Temporal allele frequency changes in large-effect loci reveal potential fishing impacts on salmon life-history diversity

Abstract

Fishing has the potential to influence the life-history traits of exploited populations. However, our understanding of how fisheries can induce evolutionary genetic changes remains incomplete. The discovery of large-effect loci linked with ecologically important life-history traits, such as age at maturity in Atlantic salmon (Salmo salar), provides an opportunity to study the impacts of temporally varying fishing pressures on these traits. A 93-year archive of fish scales from wild Atlantic salmon catches from the northern Baltic Sea region allowed us to monitor variation in adaptive genetic diversity linked with age at maturity of wild Atlantic salmon populations. The dataset consisted of samples from both commercial and recreational fisheries that target salmon on their spawning migration. Using a genotyping-by-sequencing approach (GT-seq), we discovered strong within-season allele frequency changes at the vgll3 locus linked with Atlantic salmon age at maturity: fishing in the early season preferentially targeted the vgll3 variant linked with older maturation. We also found within-season temporal variation in catch proportions of different wild Atlantic salmon subpopulations. Therefore, selective pressures of harvesting may vary depending on the seasonal timing of fishing, which has the potential to cause evolutionary changes in key life-history traits and their diversity. This knowledge can be used to guide fisheries management to reduce the effects of fishing practices on salmon life-history diversity. Thus, this study provides a tangible example of using genomic approaches to infer, monitor and help mitigate human impacts on adaptively important genetic variation in nature.

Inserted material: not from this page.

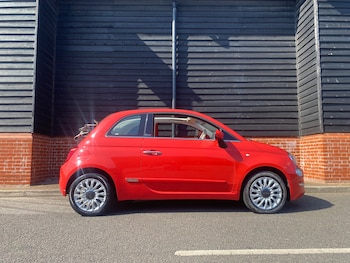 Used Fiat 500 2017 for sale - 78406866: Photo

Keywords: Baltic salmon; SNP; fisheries management; fisheries‐induced evolution; genetic stock identification; temporal genomics.

FIGURE 1

The geographic origin of (a) salmon stocks in the genetic baseline used for genetic stock identification in this study, and (b) sampling sites of wild baseline samples in the Tornio‐Kalix River system. The darker lines depict national borders, including the Tornio/Torne River that flows on the border of Finland and Sweden.

FIGURE 2

Collection of catch samples from (a) the coast of Gulf of Bothnia (years 2019–2020), and (b) from the Tornio and Kalix Rivers (years 1928–2020). Fishing areas on the maps: (a) see Table 1 for names of coastal fishing areas; (b) R1 = Tornio River Downstream area, R2 = Pello‐Lappea, R3 = Kihlanki, H1 = Kiviranta, H2 = Kengisfors, H3 = Kalix River Downstream area, H4 = Rödupp. The darker lines depict national borders, including the Tornio/Torne River that flows on the border of Finland and Sweden. Note that the bifurcation linking Tornio and Kalix (marked with a line) allows fish to access Tornio headwaters via the lower Kalix mainstem and vice versa.

FIGURE 3

Estimated stock proportions of wild salmon catches from (a) the coastal fishing areas and (b) the Tornio River during fishing seasons 2019–2020. The catches were split temporally into quartiles (the four points per stock and area) based on the number of genetic samples. The points represent median quartile days (i.e. median catch date of individuals in each quartile), counted as days since May 1 (see Table S1). The error bars denote 95% credible intervals. For illustrative purposes, estimated proportions of Kymi, Råne, Simo and Vindel River stocks are not shown. TK refers to Tornio‐Kalix.

FIGURE 4

Relationship between mean age at maturity of salmon (i.e. sea age, as number of winters spent at sea before first spawning) and genotypes of the (a) vgll3 and (b) six6 genes, analysed across the entire Baltic salmon catch dataset from 1928 to 2020. E and L represent the alleles associated with early and late maturation, respectively.

FIGURE 5

vgll3*L (associated with older age at maturity) allele frequency in (a) coastal wild salmon catches, and in (b) Tornio River catches during 2019–2020. The lines depict a relationship between vgll3*L and catch date, fitted with a GAM (smoother used: y ~ s(x, bs = “cs”)), whereas the grey area around the lines illustrates the uncertainty of the fitted relationship (95% confidence intervals). The histograms above show the estimated daily catch sizes (number of salmon caught per day) in these areas for the duration of the fishing season. The data points represent the vgll3 genotype of individual samples. The points are jittered on the y‐axis to aid figure interpretation. TK refers to Tornio‐Kalix.

FIGURE 6

Long‐term changes in vgll3*L allele frequency in the Tornio/Torne River salmon catches from 1928 to 2020. The line depicts a relationship between vgll3*L and sampling year, fitted with a GAM (smoother used: y ~ s(x, bs = “cs”)), whereas the grey area around the lines illustrates the uncertainty of the fitted relationship (95% confidence intervals). The data points represent the vgll3 genotype of individual samples. The points are jittered on the y‐axis to aid figure interpretation.